Top of Raw data
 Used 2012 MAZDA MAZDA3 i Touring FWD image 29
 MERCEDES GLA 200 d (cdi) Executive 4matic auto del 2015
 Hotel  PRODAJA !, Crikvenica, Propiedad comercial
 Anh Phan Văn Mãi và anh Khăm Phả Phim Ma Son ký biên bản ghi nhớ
Bottom of Raw data
**What this task involves**: With every line intact, reproduce the listing verbatim.

**Solution to this exercise**:
 Used 2012 MAZDA MAZDA3 i Touring FWD image 29
 MERCEDES GLA 200 d (cdi) Executive 4matic auto del 2015
 Hotel  PRODAJA !, Crikvenica, Propiedad comercial
 Anh Phan Văn Mãi và anh Khăm Phả Phim Ma Son ký biên bản ghi nhớ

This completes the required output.